Your goal -
Return each line exactly, from the one that has "Walizka duża American" through the end of the entries, both ends included. Pictures do not belong.

━━━━━━━━

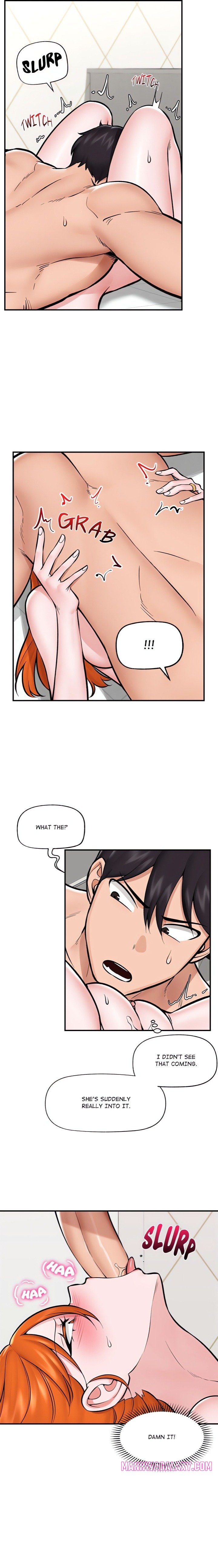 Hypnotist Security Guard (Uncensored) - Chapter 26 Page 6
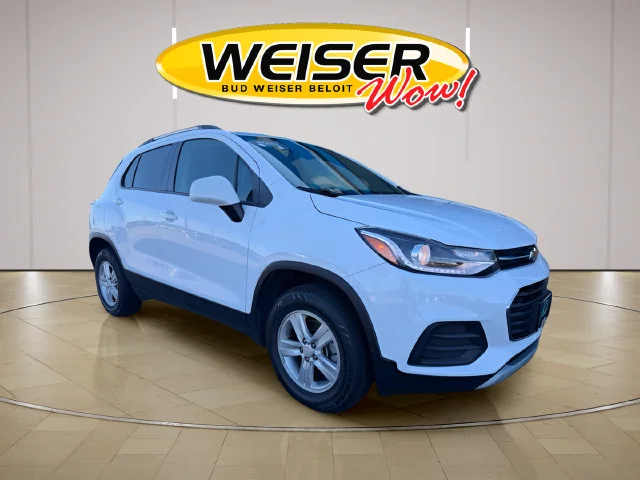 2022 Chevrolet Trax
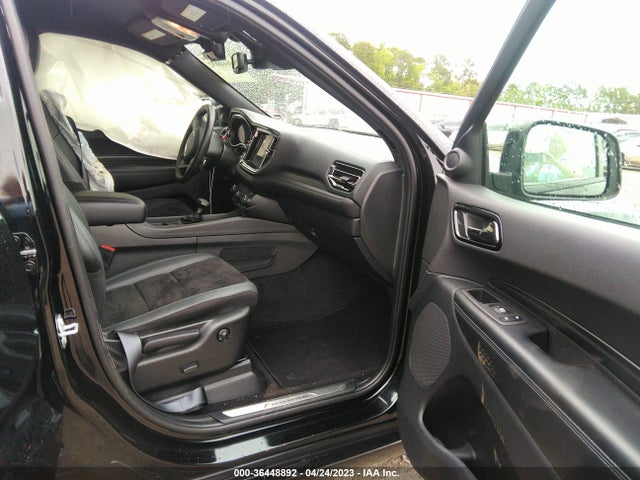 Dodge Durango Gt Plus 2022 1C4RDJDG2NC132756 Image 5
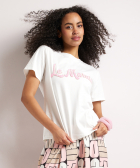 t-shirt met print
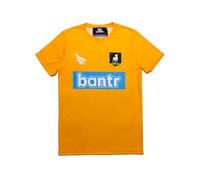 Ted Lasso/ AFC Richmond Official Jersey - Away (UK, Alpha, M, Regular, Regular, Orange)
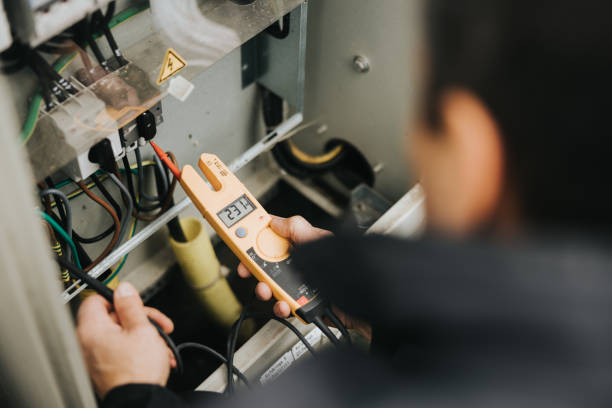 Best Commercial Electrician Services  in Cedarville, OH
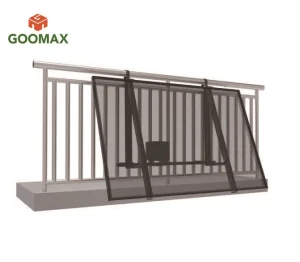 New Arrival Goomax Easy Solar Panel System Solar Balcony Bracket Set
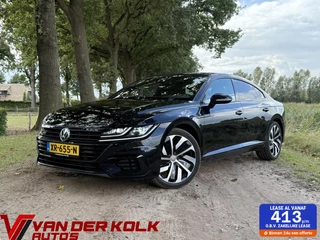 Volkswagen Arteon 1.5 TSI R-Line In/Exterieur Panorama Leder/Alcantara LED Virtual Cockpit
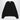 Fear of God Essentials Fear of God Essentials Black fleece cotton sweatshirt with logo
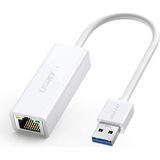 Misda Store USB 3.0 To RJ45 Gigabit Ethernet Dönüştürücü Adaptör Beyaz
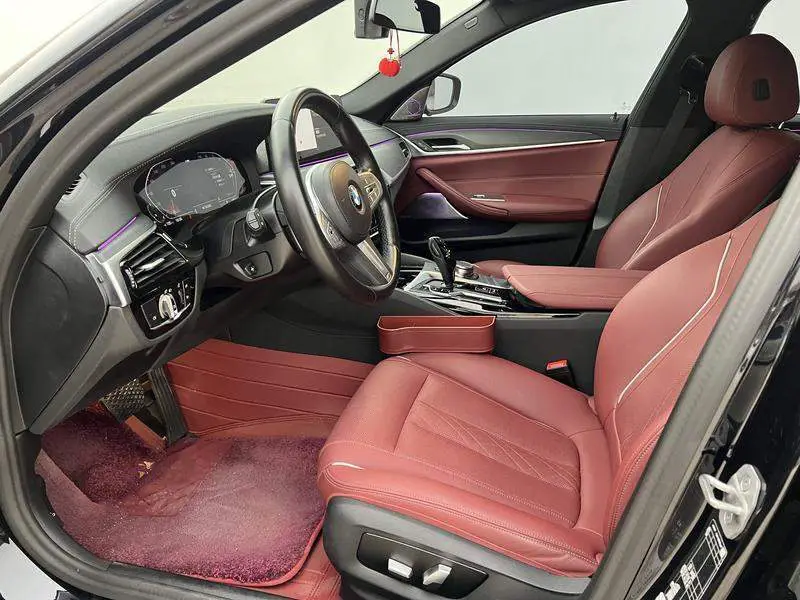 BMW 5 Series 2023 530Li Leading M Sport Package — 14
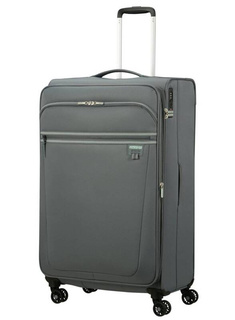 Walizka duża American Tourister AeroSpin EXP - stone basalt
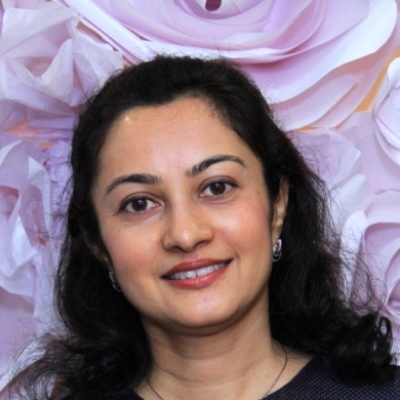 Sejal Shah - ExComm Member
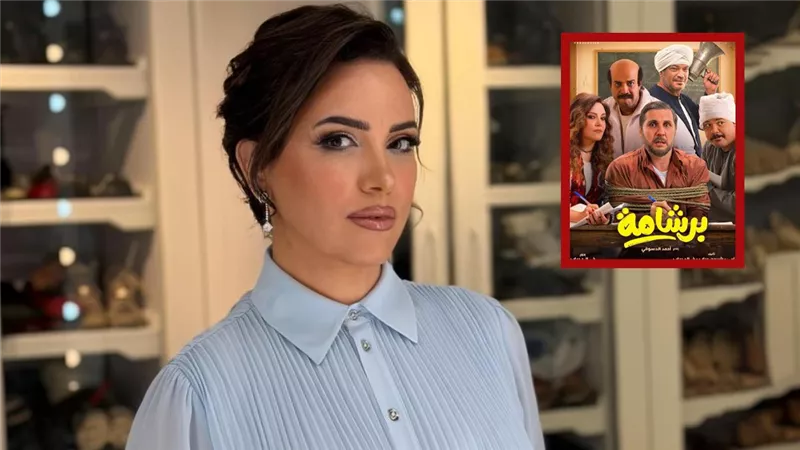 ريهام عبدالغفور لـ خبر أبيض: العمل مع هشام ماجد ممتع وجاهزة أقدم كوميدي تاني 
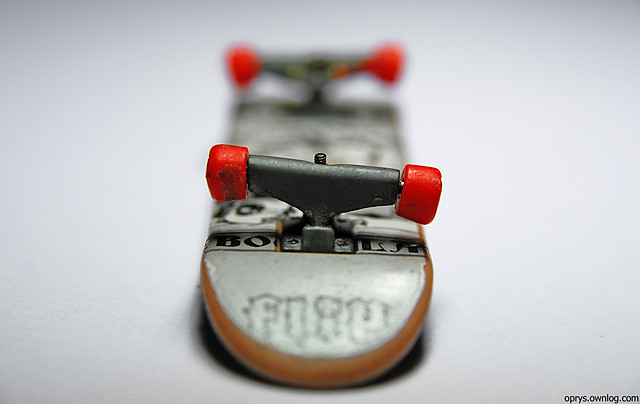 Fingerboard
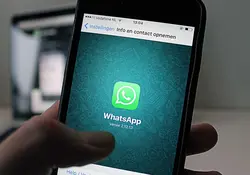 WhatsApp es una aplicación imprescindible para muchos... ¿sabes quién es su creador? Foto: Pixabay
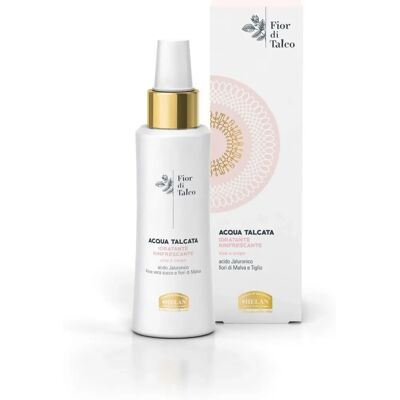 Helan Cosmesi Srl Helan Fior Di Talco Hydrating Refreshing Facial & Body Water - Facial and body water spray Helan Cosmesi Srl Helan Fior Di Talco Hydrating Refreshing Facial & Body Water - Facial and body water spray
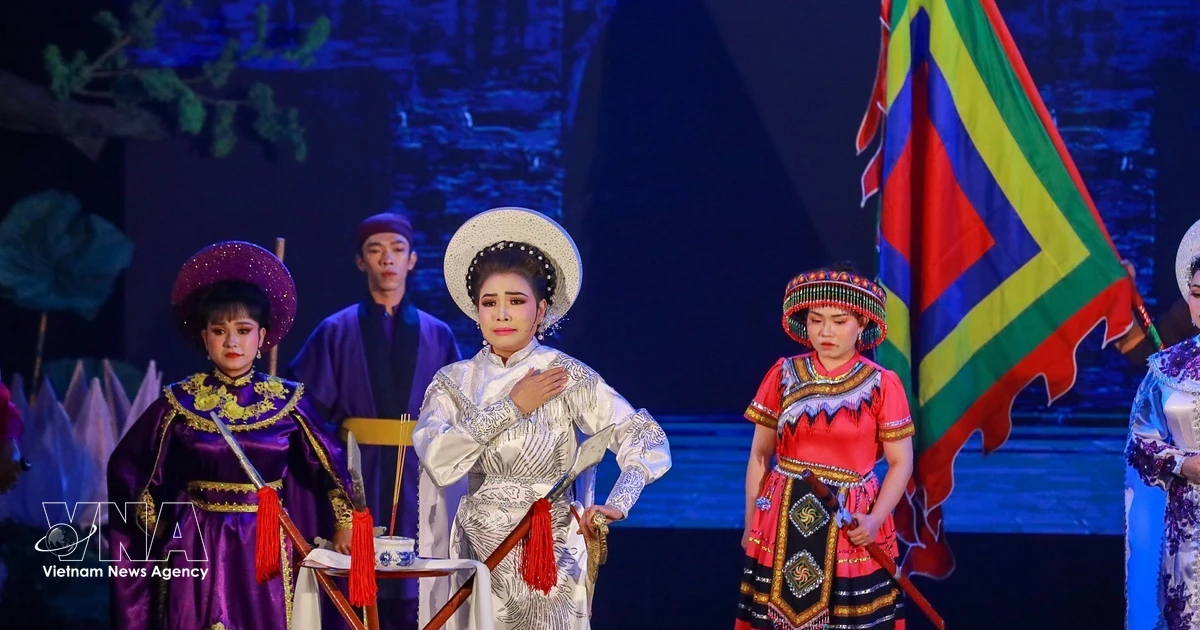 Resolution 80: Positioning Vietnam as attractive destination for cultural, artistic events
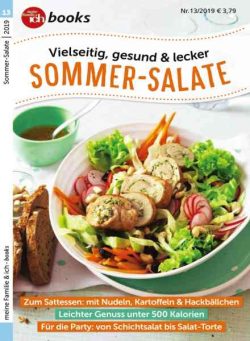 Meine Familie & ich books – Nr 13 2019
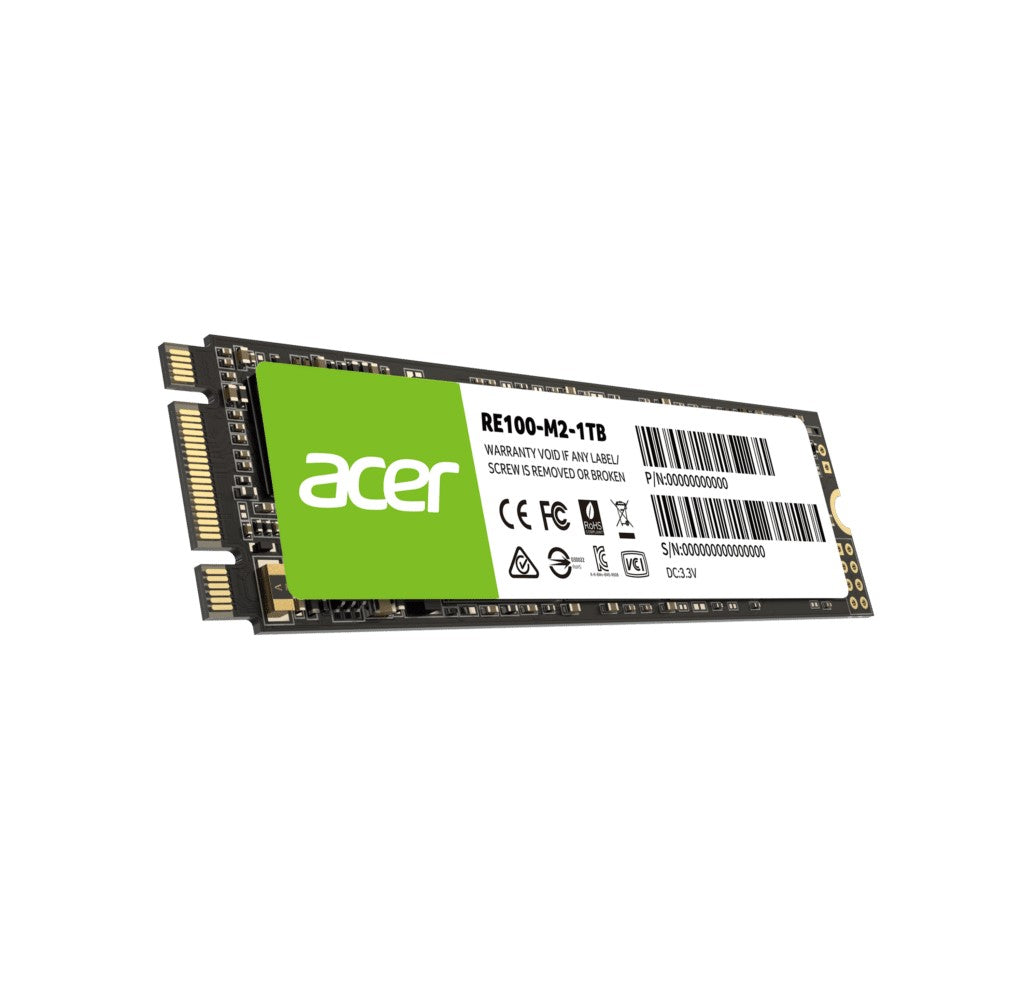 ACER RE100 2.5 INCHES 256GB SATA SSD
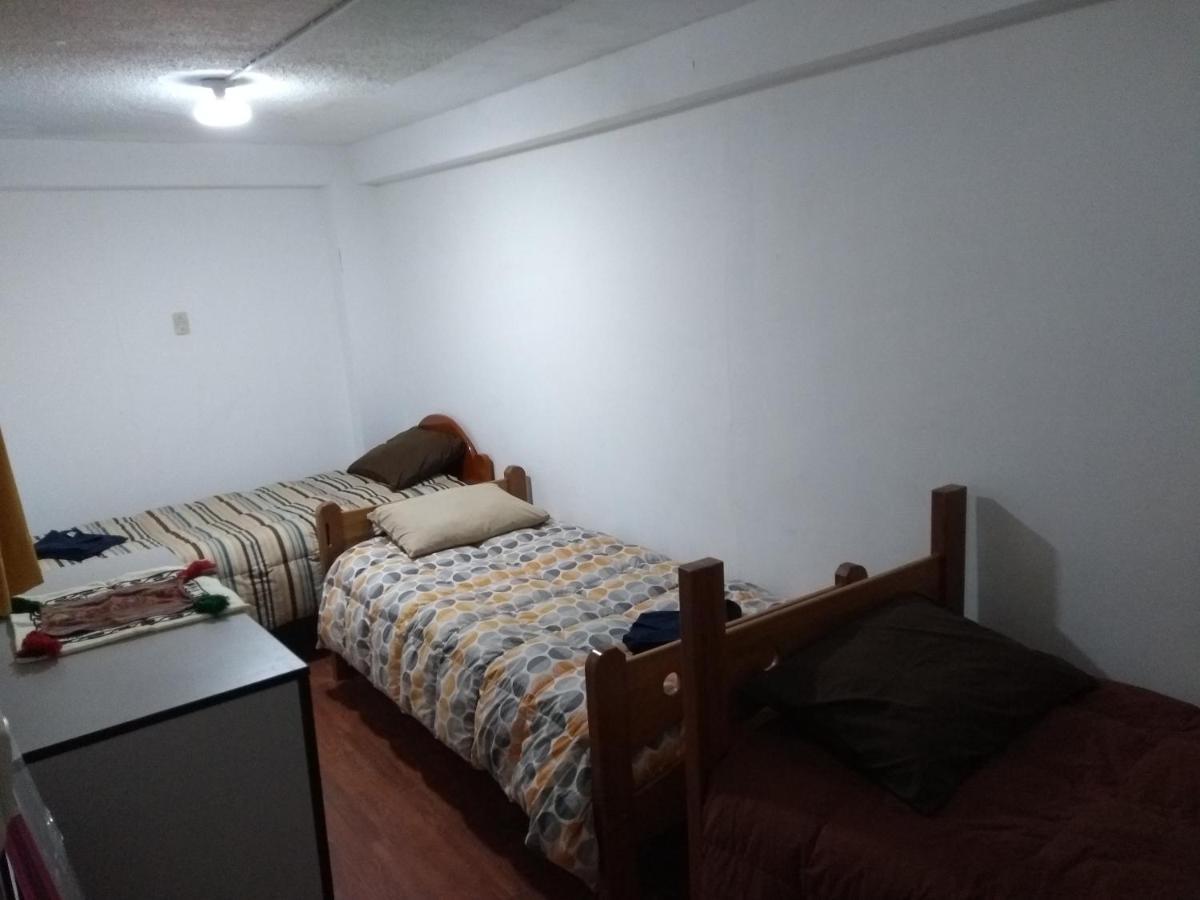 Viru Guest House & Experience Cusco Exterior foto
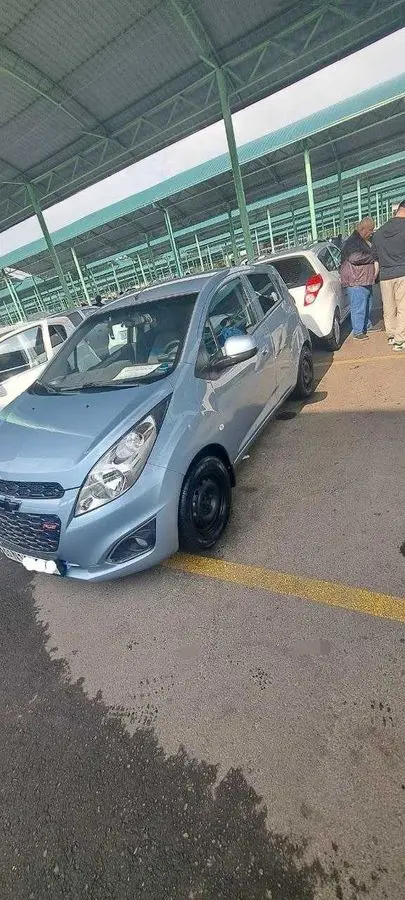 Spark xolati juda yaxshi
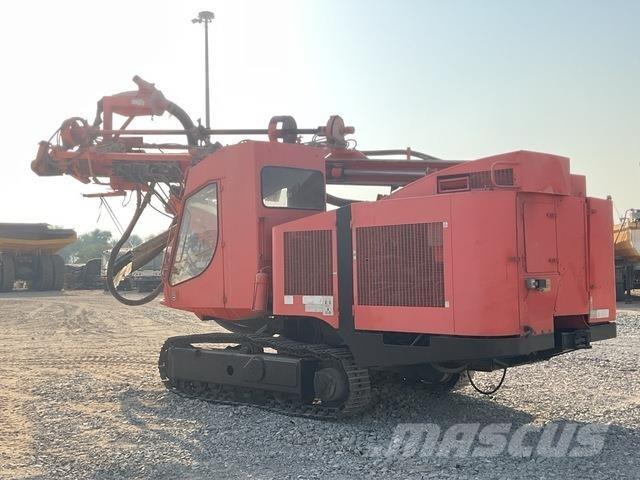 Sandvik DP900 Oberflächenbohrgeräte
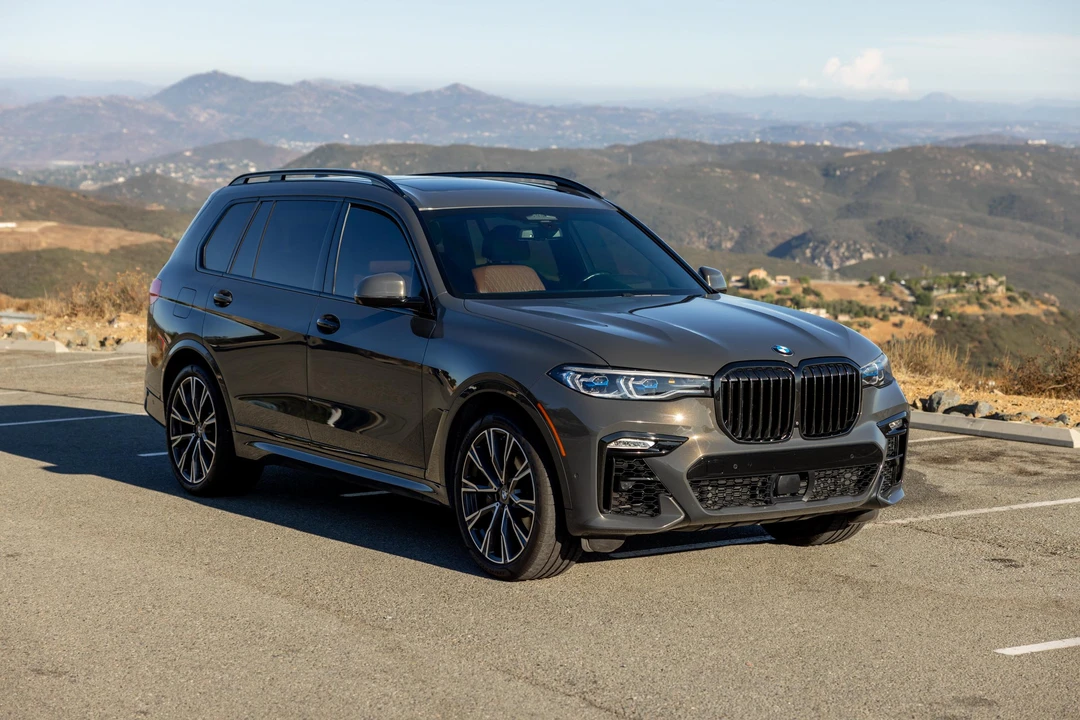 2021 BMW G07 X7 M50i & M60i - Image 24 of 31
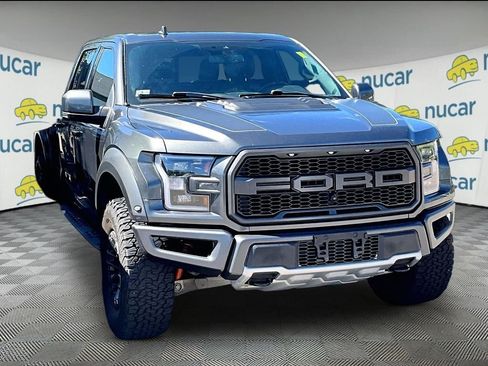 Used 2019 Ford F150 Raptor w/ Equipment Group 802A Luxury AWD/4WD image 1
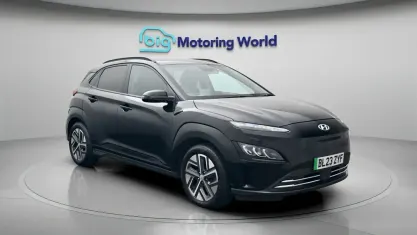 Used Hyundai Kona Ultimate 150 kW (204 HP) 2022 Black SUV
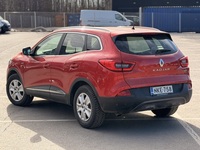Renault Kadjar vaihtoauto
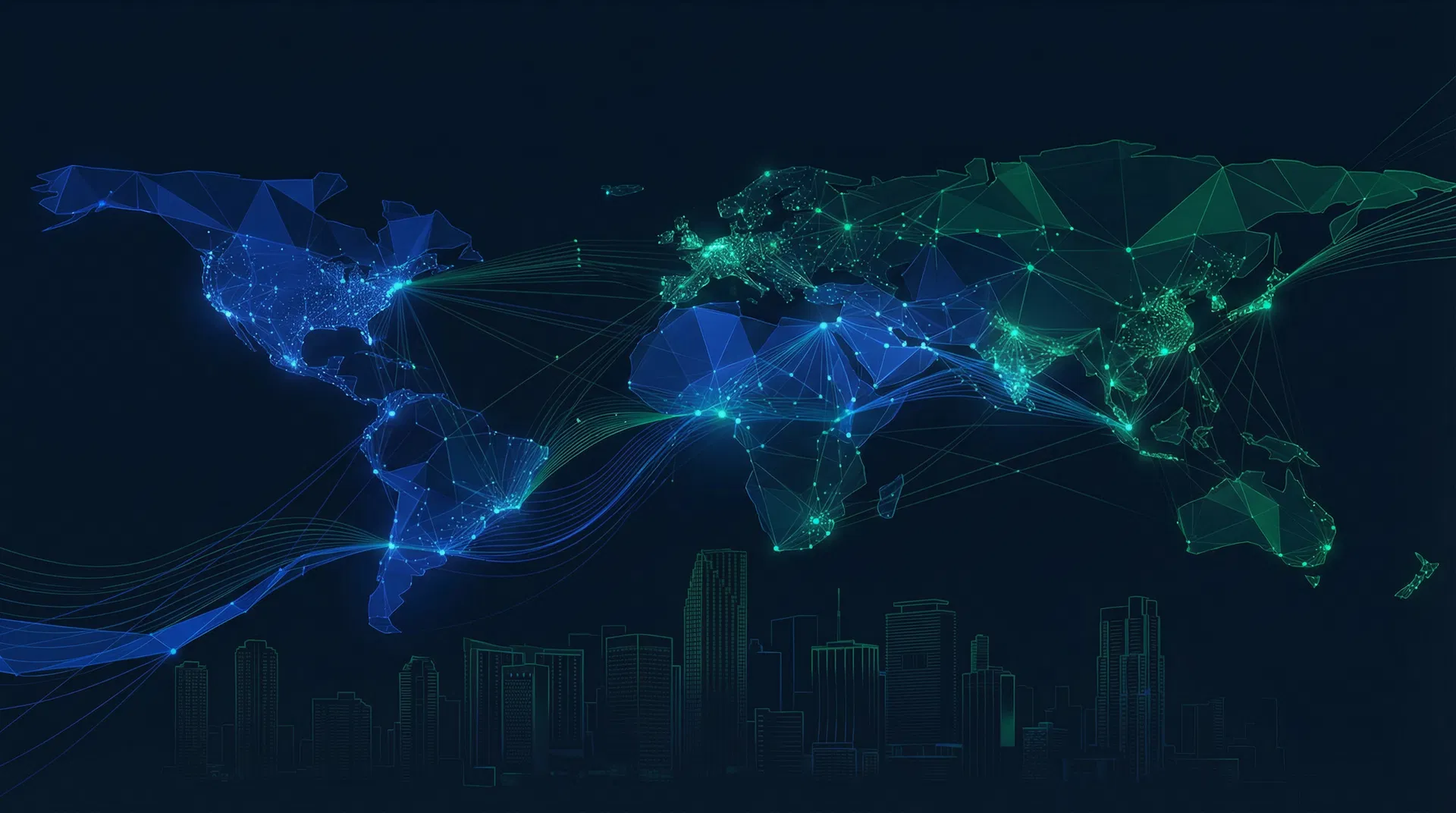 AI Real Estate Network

━━━━━━━━

Response -
 Walizka duża American Tourister AeroSpin EXP - stone basalt
 Sejal Shah - ExComm Member
 ريهام عبدالغفور لـ خبر أبيض: العمل مع هشام ماجد ممتع وجاهزة أقدم كوميدي تاني 
 Fingerboard
 WhatsApp es una aplicación imprescindible para muchos... ¿sabes quién es su creador? Foto: Pixabay
 Helan Cosmesi Srl Helan Fior Di Talco Hydrating Refreshing Facial & Body Water - Facial and body water spray Helan Cosmesi Srl Helan Fior Di Talco Hydrating Refreshing Facial & Body Water - Facial and body water spray
 Resolution 80: Positioning Vietnam as attractive destination for cultural, artistic events
 Meine Familie & ich books – Nr 13 2019
 ACER RE100 2.5 INCHES 256GB SATA SSD
 Viru Guest House & Experience Cusco Exterior foto
 Spark xolati juda yaxshi
 Sandvik DP900 Oberflächenbohrgeräte
 2021 BMW G07 X7 M50i & M60i - Image 24 of 31
 Used 2019 Ford F150 Raptor w/ Equipment Group 802A Luxury AWD/4WD image 1
 Used Hyundai Kona Ultimate 150 kW (204 HP) 2022 Black SUV
Renault Kadjar vaihtoauto
 AI Real Estate Network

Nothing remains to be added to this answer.